Thursday, 3 October 2013

A touching insight into life in Fiji

Two video clips about the Pacific Agribusiness Research for Development Initiative (PARDI) and the people it benefits have just been produced. This blog is from Communication Officer Julie Lloyd on her travels to Fiji for the filming...

How does a person feel when, for the first time, they step into a part of the South Pacific and experience firsthand, a unique environment that is rarely exposed? As Communication Officer for the Pacific Agribusiness Research for Development Initiative (PARDI) who recently visited some of the more remote and traditional farming areas of Fiji, I can say it is an eye-opening yet rewarding experience. From the minute I arrived in Nadi on a hot Sunday afternoon in August, until I departed six days later, my head and heart were bursting at the seams absorbing a country and a culture of people who do it tough but at the same time reflect a sense of pride and generosity.

Fijian boy with breadfruit
Fijian boy with breadfruit at Sigatoka market (photo: J. Lloyd)

The reason for my trip was to travel with some of PARDI’s cropping researchers to take a range of video footage for YouTube clips depicting the impact of agricultural research in the region. The conditions for filming were pretty rugged. Heat combined with dusty, isolated locations and blaring sun meant there was little time to set up filming shoots. Given the broad scope of activities that our scientists cover and the large number of people with whom they connect, we spent the week racing from one location to the next along bumpy roads in an effort to cover the Coral Coast and Sigatoka Valley.

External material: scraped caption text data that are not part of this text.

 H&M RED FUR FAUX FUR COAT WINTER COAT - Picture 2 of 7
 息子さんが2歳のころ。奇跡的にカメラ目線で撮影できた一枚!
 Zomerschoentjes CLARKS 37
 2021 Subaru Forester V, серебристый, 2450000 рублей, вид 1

Several days into my trip, after overcoming some of my fears (ie drinking *Kava, going to the loo in a tin shack surrounded by bullocks), I began to see the incredible beauty of the country and the people around me.  Men, women and children alike pull together to perform daily tasks without the support of fundamental infrastructure or technology. The consistent patience displayed by the country’s farmers to carry out daily activities under these conditions had me transfixed. Markets abound with colourful produce sold by women who have slept on concrete floors overnight in readiness for the morning shoppers. Children accompany their parents on long journeys without the luxury of an iPod or a knapsack full of treats, their eyes wide open taking in the simple pleasures in life.

Fijian farmers at meeting
 PARDI workshop where farmers learn about reducing postharvest waste
(Julie is at front on right)
My recollection of Fiji is by no means intended to make light of the poverty or the day-to-day life of locals; quite the opposite, it is more to reflect on how incredibly well these people operate in a climate full of challenges. Village communities are alive and well in Fiji and with the right sort of support, such as that provided through ACIAR’s PARDI project, there is a bright future for Fiji’s farmers and in turn local communities and the country’s economy.


Thank-you Fiji.

The two new video clips are now available on YouTube. Keep your eyes out for more to come!

By Julie Lloyd, PARDI Communications

More information

PARDI's web page in SPC Land Resources Division's website

The ACIAR project Pacific Agribusiness Research for Development Initiative (PARDI) is led by the University of Queensland.
Other partners include:
University of Adelaide, School of Agriculture, Food and Wine, Australia
University of the Sunshine Coast, Faculty of Science, Health and Education, Australia
James Cook University, School of Marine and Tropical Biology, Australia
Secretariat of the Pacific Community, Land Resources Division, Fiji
University of the South Pacific, Faculty of Business and Economics, Fiji
Department of Employment, Economic Development and Innovation, Centre for Tropical Agriculture, Australia

*Kava is a crop of the Western Pacific. Plant roots are ground or crushed and mixed with water to create a drink that has a sedative effect. Kava is a popular drink at local ceremonies.